India as a ‘region’ was not needed to be discovered due to its historic pre-eminence, therefore it was regularly visited by many great explorers, most noteworthy being Megasthenes from Greece, Marco Polo from Italy and Al samudi from Persia. However, there are no accounts of ancient Indian explorers trotting the globe to explore as merchants or traders. Although in all fairness, we have always been a very resource-rich and prosperous land, which may be the reason why we prioritized exploring spirituality, astronomy, and more metaphysical objects rather than embarking on physically arduous explorations. Nonetheless, there is a cost we have paid as a civilization due to this lethargy and lack of adventurism.
This can be seen in our social structures where families’ spoon-feed their children into their late adulthoods. Approximately 82 per cent of Indian millennial lives with their parents compared to Australia’s 35 per cent and China’s 61 per cent. The infectious need for handholding is demonstrated by the high demand for ‘Sarkari contracts’ from entrepreneurs and cushy government jobs from individuals. This demand for government-induced support is also visible during elections, where political parties promise tax reductions and hand-outs. In order to be a self-sufficient society, we need to remove the crutches and reward independence and innovation. Therefore, the question we need to ruminate over is to ‘how to build a society of ownership and individualism’. We need people who fearlessly take charge and explore new markets around the world for us to grow.
India has the third-largest startup ecosystem globally, in terms of the share of billion-dollar startups (unicorns) in the total startup ecosystem; India’s share is at 4.1 per cent preceded by China at 13.8 per cent and the USA at 64.7 per cent.

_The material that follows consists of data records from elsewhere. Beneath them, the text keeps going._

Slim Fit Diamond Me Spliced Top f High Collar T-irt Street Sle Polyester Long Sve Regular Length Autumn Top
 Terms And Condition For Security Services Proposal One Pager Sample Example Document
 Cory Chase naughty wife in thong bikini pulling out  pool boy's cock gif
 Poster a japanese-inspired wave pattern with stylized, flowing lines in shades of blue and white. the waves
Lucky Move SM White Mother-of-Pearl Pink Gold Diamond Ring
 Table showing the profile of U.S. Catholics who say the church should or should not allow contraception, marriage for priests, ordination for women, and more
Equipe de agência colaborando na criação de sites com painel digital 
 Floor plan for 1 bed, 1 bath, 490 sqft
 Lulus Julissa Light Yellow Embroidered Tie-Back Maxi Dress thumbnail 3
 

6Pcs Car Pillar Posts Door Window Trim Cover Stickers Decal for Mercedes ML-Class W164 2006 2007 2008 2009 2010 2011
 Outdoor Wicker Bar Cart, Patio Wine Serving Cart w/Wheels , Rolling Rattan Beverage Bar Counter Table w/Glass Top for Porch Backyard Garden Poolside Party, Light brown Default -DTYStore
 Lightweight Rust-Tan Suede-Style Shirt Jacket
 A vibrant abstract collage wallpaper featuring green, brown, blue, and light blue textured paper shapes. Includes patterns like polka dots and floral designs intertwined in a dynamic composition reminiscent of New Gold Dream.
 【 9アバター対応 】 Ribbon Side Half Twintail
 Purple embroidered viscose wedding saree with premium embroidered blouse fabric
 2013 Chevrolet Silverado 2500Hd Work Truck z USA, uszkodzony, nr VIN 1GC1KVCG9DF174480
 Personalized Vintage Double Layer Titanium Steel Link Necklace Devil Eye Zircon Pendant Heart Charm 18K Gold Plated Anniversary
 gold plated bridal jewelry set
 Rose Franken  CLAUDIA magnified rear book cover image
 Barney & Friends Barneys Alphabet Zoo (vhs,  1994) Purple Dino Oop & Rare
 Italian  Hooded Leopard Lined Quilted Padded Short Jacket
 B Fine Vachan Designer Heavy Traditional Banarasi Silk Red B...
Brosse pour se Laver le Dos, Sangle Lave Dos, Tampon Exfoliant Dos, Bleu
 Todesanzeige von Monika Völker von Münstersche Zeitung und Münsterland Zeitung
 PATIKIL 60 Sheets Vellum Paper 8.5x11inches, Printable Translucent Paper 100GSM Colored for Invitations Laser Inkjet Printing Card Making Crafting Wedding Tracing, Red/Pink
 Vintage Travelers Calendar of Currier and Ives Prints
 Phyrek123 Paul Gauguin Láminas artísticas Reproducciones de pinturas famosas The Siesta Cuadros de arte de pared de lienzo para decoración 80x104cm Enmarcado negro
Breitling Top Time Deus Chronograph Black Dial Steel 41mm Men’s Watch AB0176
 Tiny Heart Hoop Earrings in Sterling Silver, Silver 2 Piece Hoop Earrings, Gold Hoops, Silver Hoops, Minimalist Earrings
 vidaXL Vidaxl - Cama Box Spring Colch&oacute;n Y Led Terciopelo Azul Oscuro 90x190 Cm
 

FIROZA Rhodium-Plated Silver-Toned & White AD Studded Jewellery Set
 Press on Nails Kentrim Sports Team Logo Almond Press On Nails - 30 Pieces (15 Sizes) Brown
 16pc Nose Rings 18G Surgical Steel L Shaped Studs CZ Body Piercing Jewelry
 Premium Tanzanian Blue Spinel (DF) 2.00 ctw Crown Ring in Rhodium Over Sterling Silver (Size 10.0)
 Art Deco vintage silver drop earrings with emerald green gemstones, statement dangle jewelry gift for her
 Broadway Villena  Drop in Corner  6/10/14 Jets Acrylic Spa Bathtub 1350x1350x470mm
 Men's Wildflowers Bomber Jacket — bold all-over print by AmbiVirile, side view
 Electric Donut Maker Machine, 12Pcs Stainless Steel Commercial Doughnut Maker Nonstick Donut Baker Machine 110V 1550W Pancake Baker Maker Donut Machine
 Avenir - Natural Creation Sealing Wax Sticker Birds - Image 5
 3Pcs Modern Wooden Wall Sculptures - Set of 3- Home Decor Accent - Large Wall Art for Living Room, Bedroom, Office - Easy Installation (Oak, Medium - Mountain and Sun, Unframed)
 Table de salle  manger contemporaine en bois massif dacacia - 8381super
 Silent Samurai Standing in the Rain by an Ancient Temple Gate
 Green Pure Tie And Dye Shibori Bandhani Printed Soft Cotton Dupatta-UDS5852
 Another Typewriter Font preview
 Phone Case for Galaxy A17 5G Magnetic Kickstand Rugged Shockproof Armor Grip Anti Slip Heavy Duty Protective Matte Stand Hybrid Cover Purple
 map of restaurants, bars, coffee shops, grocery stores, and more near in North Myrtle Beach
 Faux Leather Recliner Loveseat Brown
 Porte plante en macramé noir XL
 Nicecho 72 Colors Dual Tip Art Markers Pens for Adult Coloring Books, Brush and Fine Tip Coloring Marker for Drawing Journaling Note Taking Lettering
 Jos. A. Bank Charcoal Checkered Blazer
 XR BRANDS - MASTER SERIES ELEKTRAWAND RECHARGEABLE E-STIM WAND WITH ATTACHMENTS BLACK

This share is increasing, but unfortunately India also has a low survival rate for startups. Almost 90 per cent of Indian startups fail within five years, which is double that the rate of the USA at 44 per cent. A report by the IBM Institute for Business Value and Oxford Economics titled ‘Entrepreneurial India’ found that the reason for such failure is lack of innovation. 77 per cent of venture capitalists report that many Indian startups lack pioneering innovation based on new technologies or unique business models.
As per the Global Innovation Index (GII) by the WIPO (World Intellectual property organization), India stands at the 52nd spot despite the considerable progress in the last 5 years. In order to push this forward, we need to increase the budgetary allocation of the total GDP in science and technology from the current 0.7 per cent. This will help to create the necessary intellectual repository for startups to pick on and help reduce growing unemployment. In the past few years, the government has made sincere progress in this field by launching the National Innovation Fund (NIF) and the Atal Innovation Mission (AIM) as the tugboats to drive innovation forward.
Most importantly, it’s time for us to go beyond ragtag frugal innovation and become torchbearers for the developing world in keeping the entrepreneurial adventurism and exploration at the heart of our enterprise. Like the Catholic Church funded and supported Columbus’s voyage, the government of India has earmarked funds to offer support entrepreneurship. During this period of lockdown, where the entire modern world has taken a hiatus, maybe we need to reflect as parents, entrepreneurs, young adults, and as a society, as to how we can help in shaping self-reliance and innovation across scales. It is time for entrepreneurs to deliver, and perhaps an ambitious start could be the development of a vaccine or other ground-breaking measures to thwart the COVID-19.
In conclusion, a quote from the greatest inventor of our times Albert Einstein, “A ship is always safe at the shore, but that is not what it is built for.” It is time for Indians to embrace human ingenuity and create a prosperous future for themselves.
(The author is an Independent analyst on Latin American affairs, and has a keen interest in entrepreneurship. Views expressed are personal.)